Moroccan Henna is a plant that can reach up to one meter in height. The leaves are producing dyeing yellow or red. The henna is often used for body painting. There are several types of henna plants depending on country of origin and cultures such Iran, western India, China, North Africa and the West that use henna for tattoos.
Moroccan Henna is a plant that can reach up to one meter in height. The leaves are producing dyeing yellow or red. The henna is often used for body painting. There are several types of henna plants depending on country of origin and cultures such Iran, western India, China, North Africa and the West that use henna for tattoos. 
Tattooed on the skin the same shade of color may varys from person to person depending on the color and acidity of each skin. And also depending on the type of henna used and the duration of time it remains on the skin.

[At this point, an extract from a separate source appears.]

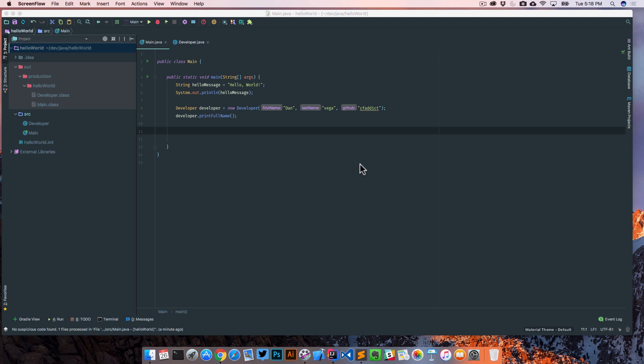I want to show you another way that IntelliJ really helps you out when you're writing code, and that's with organizing your imports and formatting your code.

The name “Paradise plant” was attributed to it for its green color and its benefits since ancient times. Henna is a vector of many symbols, which carry a message as a protector against the evils of black magic and against evil eyes and minds.
Henna is a major component in rituals that punctuate the lives of Moroccans. Although it is mostly used by women, a male child would dip his hands at a crucial stage of his life knowing the time of circumcision.
However, it is only a single staining, unlike the girl who will bend to the ceremony during different stages of her life as a woman.
However, henna’s use is most important at the celebration of marriage as a ritual. Henna has the inherent character of legends, mysticism and beliefs that have accompanied it over the centuries and made it magical in the eyes of Moroccans.
Moroccan Henna is also an instrument of seduction and an essential element of the dress of the bride. And in the Moroccan countryside, it is always the tendency to tattoo artistically before the wedding which is called N’kich especially in urban environments.
An entire evening is reserved for the installation drawings. Hands and feet of the bride thus become not only a plastic space but a fertile field for exploration, an ethnological richness of signs and shapes.
Moroccan Henna tattoo is also present in other key stages of women's lives: that of procreation and the end of mourning for four months and ten days following the death of her husband.